Get your kids excited about local & fresh food on this week's episode of Feeding the Future. Orianne Cosentino is joined in the studio by Jeanne Hodesh and Samantha Hill of GrowNYC! Orianne starts off the episode by talking about the cultural relevance of open-air markets across the world, and how they are important to local economies and health. Later, hear about the history of GrowNYC, and all of the different programs they support and organize. Samantha shares her expertise as the Youth Education Coordinator and discusses the importance of engaging kids and teaching them to think about the origin and content of their food. Hear about some of GrowNYC's market field trip programs! This program has been brought to you by Whole Foods. Thanks to takstar for today's tunes.


"We don't want to tell kids what not to eat, but get them thinking about what's in their food, where it comes from. We want them to become curious eaters. [15:20]

"As adults, we are really close-minded.

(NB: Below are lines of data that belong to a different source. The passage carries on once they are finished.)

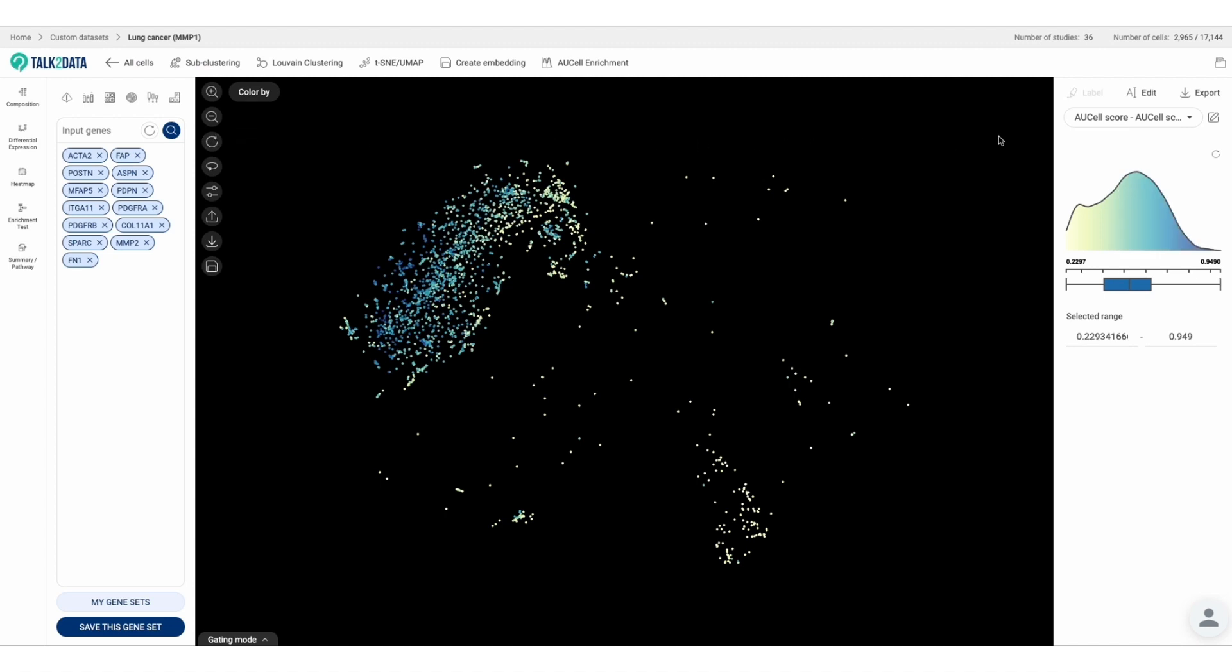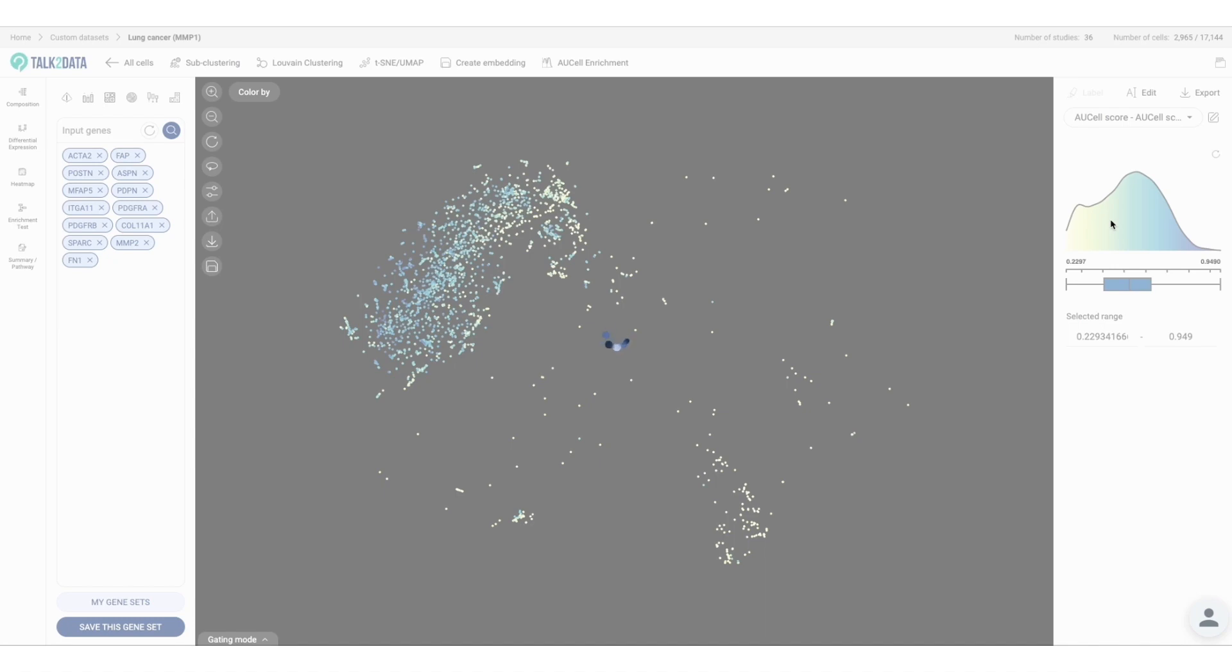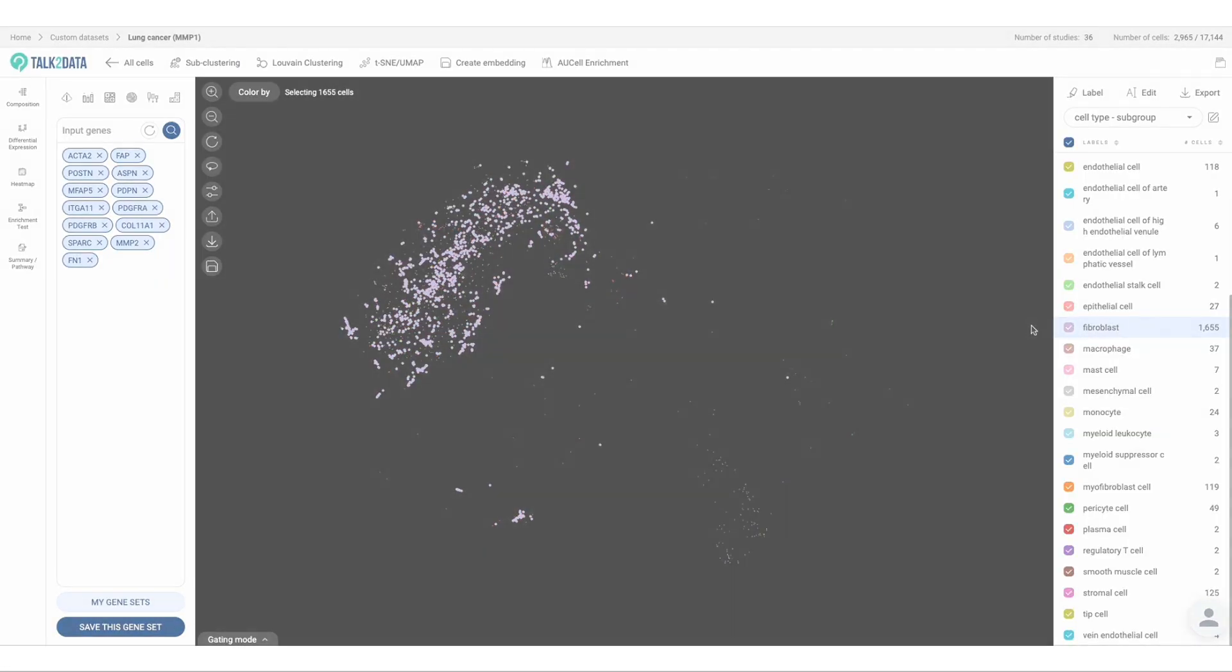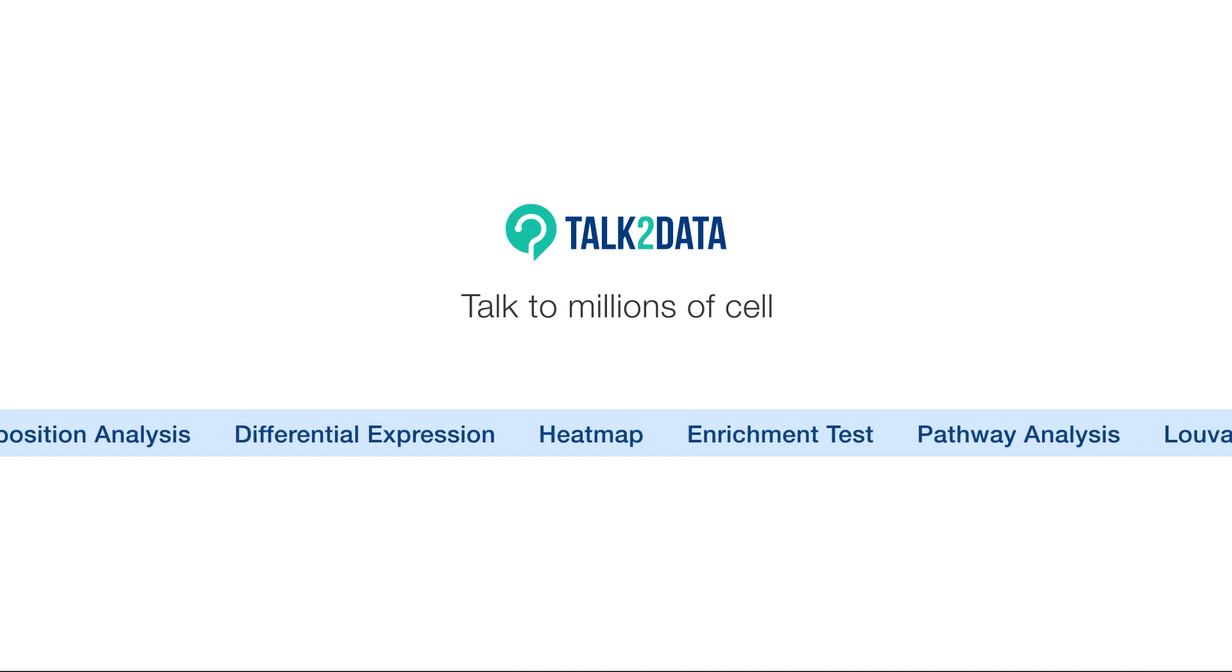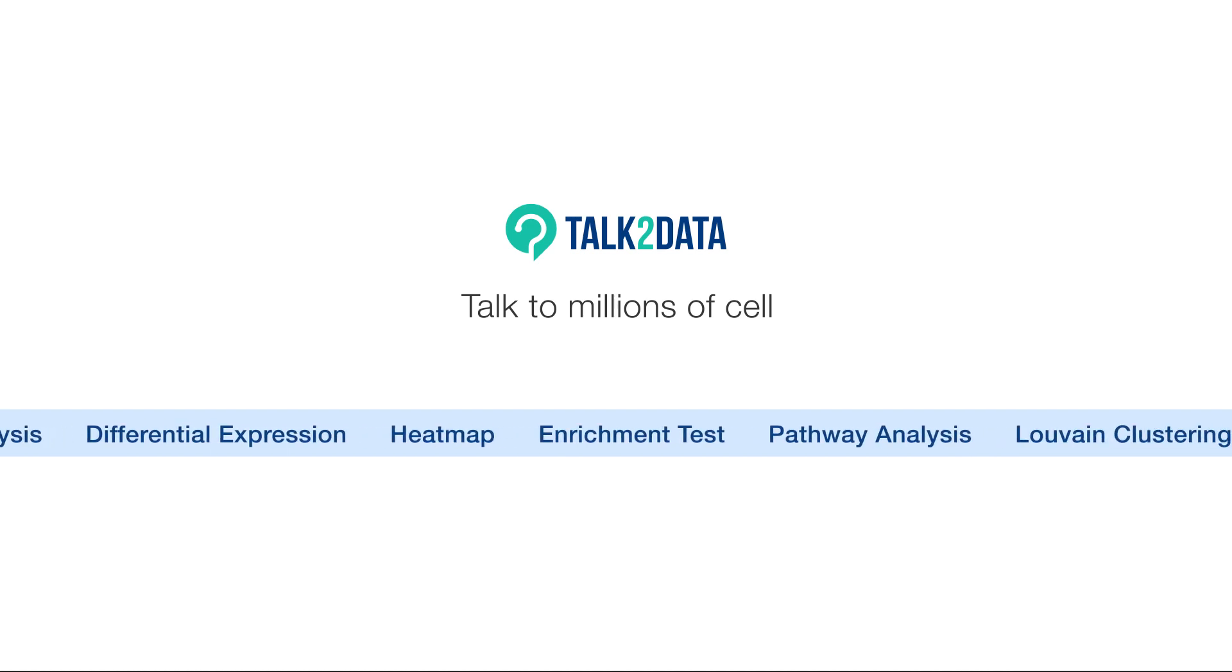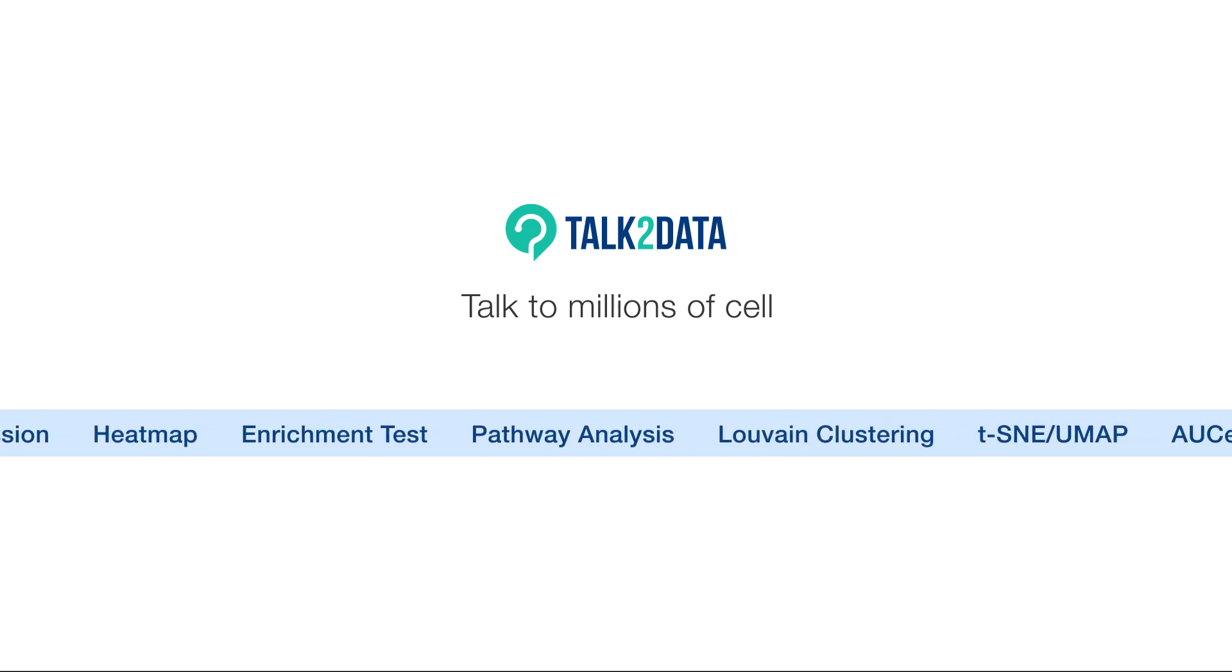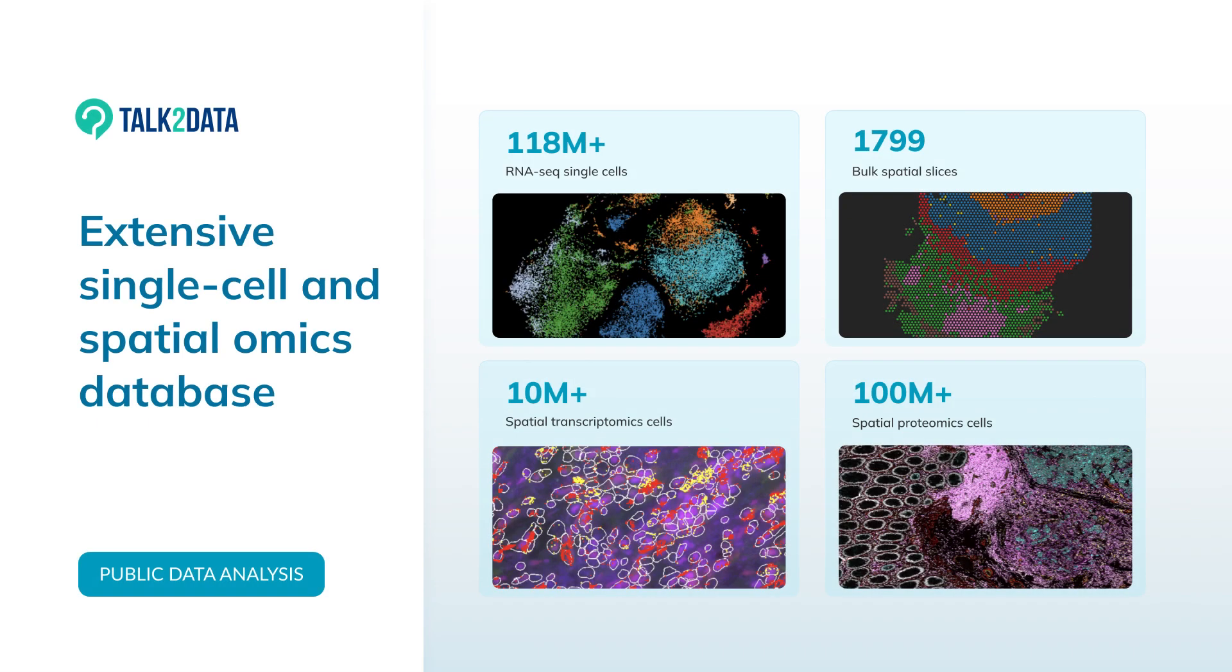Easily and quickly, you have your initial analysis of cancer-associated fibroblasts (CAFs) presence in your lung cancer cell population. By using Bioturing's Talk2Data platform, your monthly data curation and analysis is now cut short into a few seconds or minutes with just a few simple clicks.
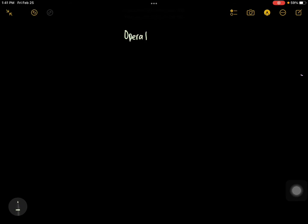Good day class! Let's have our last operation — it's symmetric difference. So let me write it first. Operation of sets. And we have the symmetric difference.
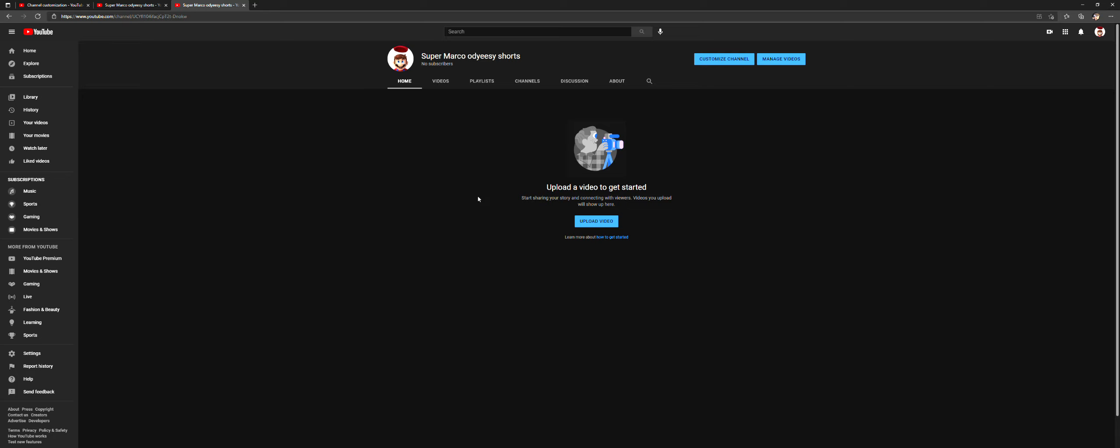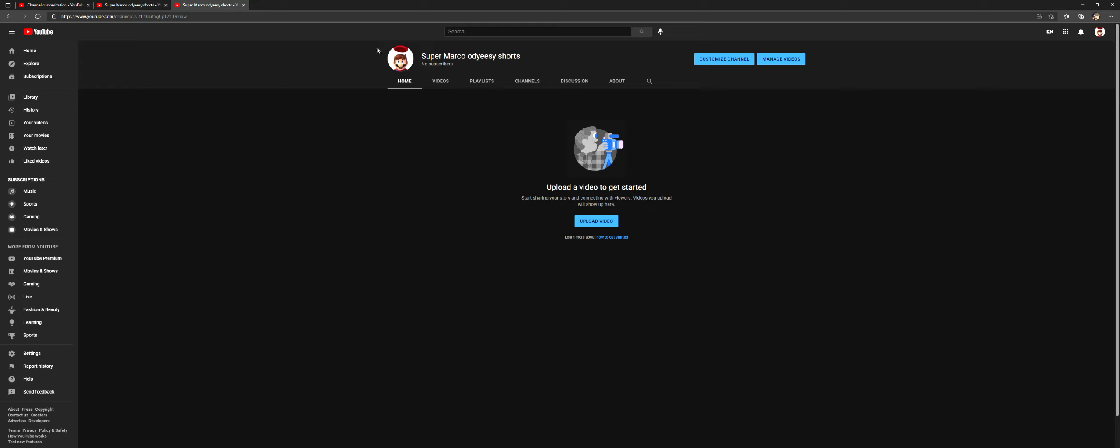Hey, what's up guys? Super Marco Odyssey back again with another video. Today I just want to make this to show you my new shorts channel. Go subscribe to my new channel - it's going to be where I post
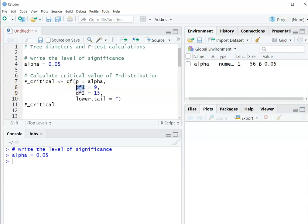My first degrees of freedom is going to be 9, and my second degrees of freedom is going to be 15. And remember, that relates to the number of observations observed in both of the open-grown and the suppressed trees.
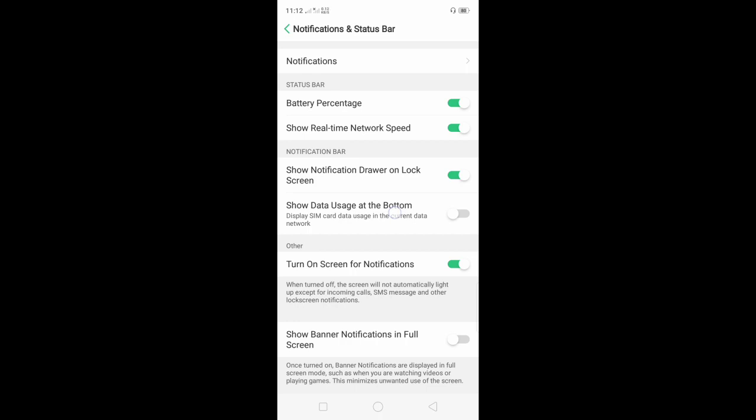Switch on this button and the data of your current sim will show at the bottom.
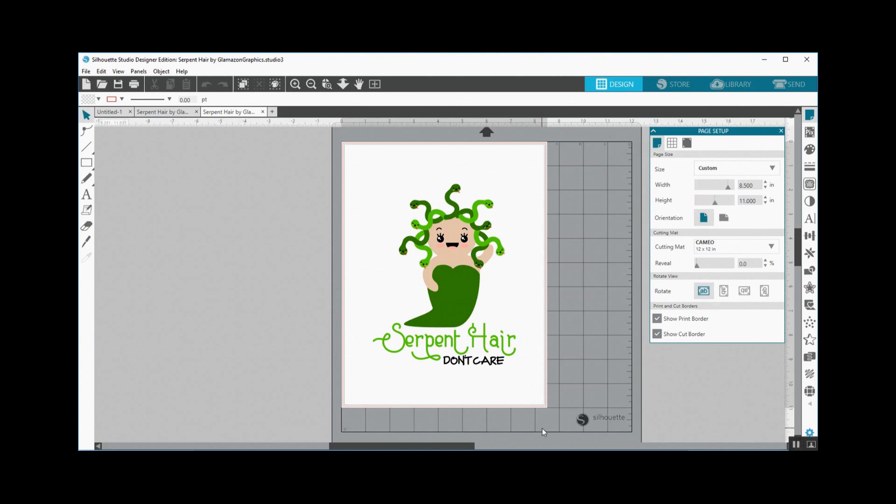The other day I was on Facebook in one of the SVG groups that was having a little mini contest. If you were the first person to say mine for a graphic, they were going to send it to you for free with the stipulation that you made something and tagged them within the next few days.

That's why I like working with kids... that negativity is a learned behavior." [18:45]

-- Samantha Hill on Feeding the Future


Perfect for cooking all those beautiful summer veggies!

(Serves about 8)

1 onion, coarsely chopped

5 cloves garlic, minced

1 inch piece of fresh ginger, grated

1 teaspoon turmeric

pinch cayenne

1 handful of parsley and cilantro sprigs, tied into a bouquet

1/2 (small) head of cabbage, cut into wedges

2 fennel bulbs, cored and chopped into large pieces

1/2 pound turnips, peeled and chopped into 2 inch pieces

6 carrots, peeled and halved, chopped into large pieces

1 can whole plum tomatoes and their juice (15 ounces)

3 zucchini, chopped into 2 inch pieces

2 sweet potatoes, peeled and chopped into 2 inch pieces

1/4 lb. green beans, cut into 1 inch lengths

3-4 cups carrot or tomato juice

2 jalapeño or chili peppers (optional)

2 tablespoons butter

1 tablespoon harissa (or to taste)

1 tablespoon sugar

salt and pepper

2 cups cous cous

1 teaspoon salt

1 tablespoon oil

4 cups boiling water

2 tablespoons butter

• Preheat oven to 400F degrees.

• Add all ingredients to a large baking dish, season well with salt and pepper. Add water, if necessary, so liquid comes halfway up the height of the vegetables

• Cover the dish loosely with foil and place in the oven for 30 minutes.

• Remove foil and continue to cook until all vegetables are tender, 30-45 minutes more.

• Meanwhile prepare the cous cous. With a fork, mix 2 cups of cous cous with salt and oil in a bowl until oil is well distributed. Place boiling water in a measuring cup and drop in the butter. Pour water/butter mixture over the cous cous and cover with a clean kitchen towel or plastic wrap for 5 minutes or until cooked.

• To serve: Ladle a few spoonfuls of the cooking liquid over the cous cous to rewarm. Mound cous cous on a large serving platter with braised vegetables and the sauce surrounding it. Place jalapenos on top, remove herb bouquet.

Variation: Mix in any veggies you like; pumpkin, cauliflower, celery root, mushrooms, etc.